1) Mitch Kupchak. While everyone has talked about how this title completes a cycle of redemption for Kobe, it does the same for Mitch as well. He just tends to avoid the cameras.
Jodial said it very well in the comments.
No one has earned this title more than him — here’s a guy who was being roasted alive two years ago, had season ticket holders telling him to his face that he needed to resign at a town hall meeting, and even when he was shepherding championship teams earlier this decade, was seen as nothing but Jerry West’s puppet.
For all the great moves Mitch has made (getting Lamar for Shaq, stealing Pau, nabbing Ariza for Cook and Evans, etc.), none was more important or gutsy than the one that seems the most obvious today: He did not trade Kobe Bryant. Many a lesser GM would have panicked and blown the team up, but Mitch recognized that you can’t win a title without a superstar, and he had the best in the league on his roster. Seems simple now, but it sure wasn’t then.

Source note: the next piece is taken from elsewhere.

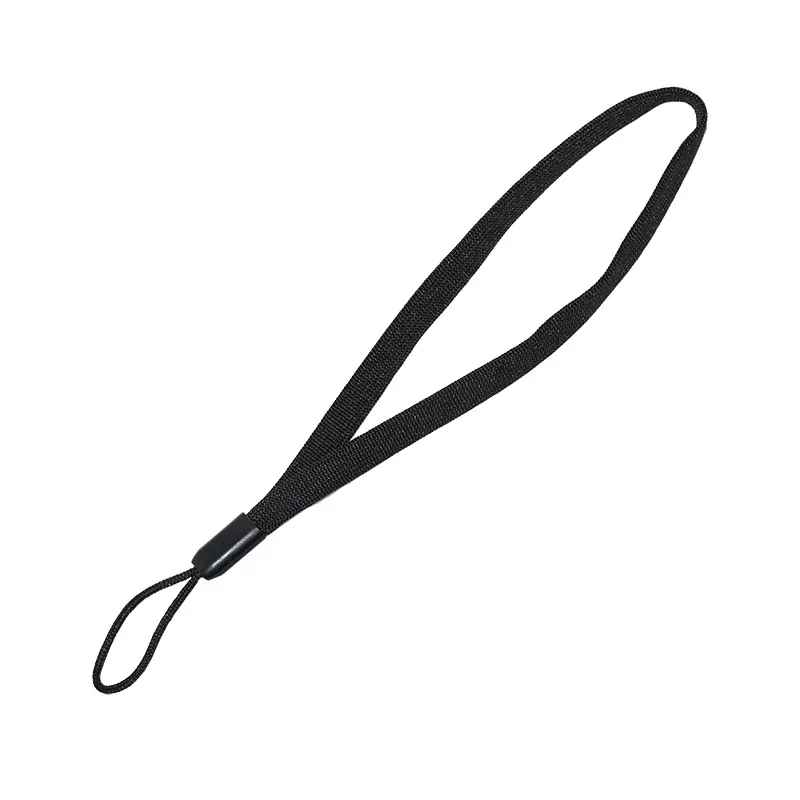 Цифровой транкинговый портативный радиоприемник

2) Lamar Odom, Team Player. Remember back in training camp, when Phil Jackson went to Odom — a guy entering a contract year — and asked him to come off the bench. He asked him to sacrifice numbers and prestige for the good of the team.
Odom may have been reluctant at first, but he did it. But how many guys would have? How many people would have traded the likelihood of a bigger payday for the potential of a title? Not many.

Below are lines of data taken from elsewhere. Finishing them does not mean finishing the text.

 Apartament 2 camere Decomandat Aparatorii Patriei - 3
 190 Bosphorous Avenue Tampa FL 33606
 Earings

The Painted Area has a great post on this topic.
3) Kobe Bryant Helping Trevor Ariza Become A Shooter. Great story I had never heard before from my favorite of the Lakers beat guys, Kevin Ding of the OC Register.
“I used it like it was the Bible,” Ariza said.
What we were talking about was the shooting-practice program given to Ariza entering the summer before this season by one Kobe Bryant.
The meaning of the gesture to Ariza – and its net effect in transforming his jump shot and thus this Lakers championship team – make it the quintessence of the latter-day Bryant as a teammate…
“I just got in the gym every day and worked. I used what he told me, used some things that he gave me to do. And I just worked.”
It worked. Ariza had made nine 3-pointers in his first four NBA seasons. This season, he made 61 as a prelude to his 47.6 percent playoff marksmanship that Bynum described with bugged-out eyes this way: “His shooting is ridiculous at this point.”
Those are just three of the seemingly millions of things that have gone right at the right time.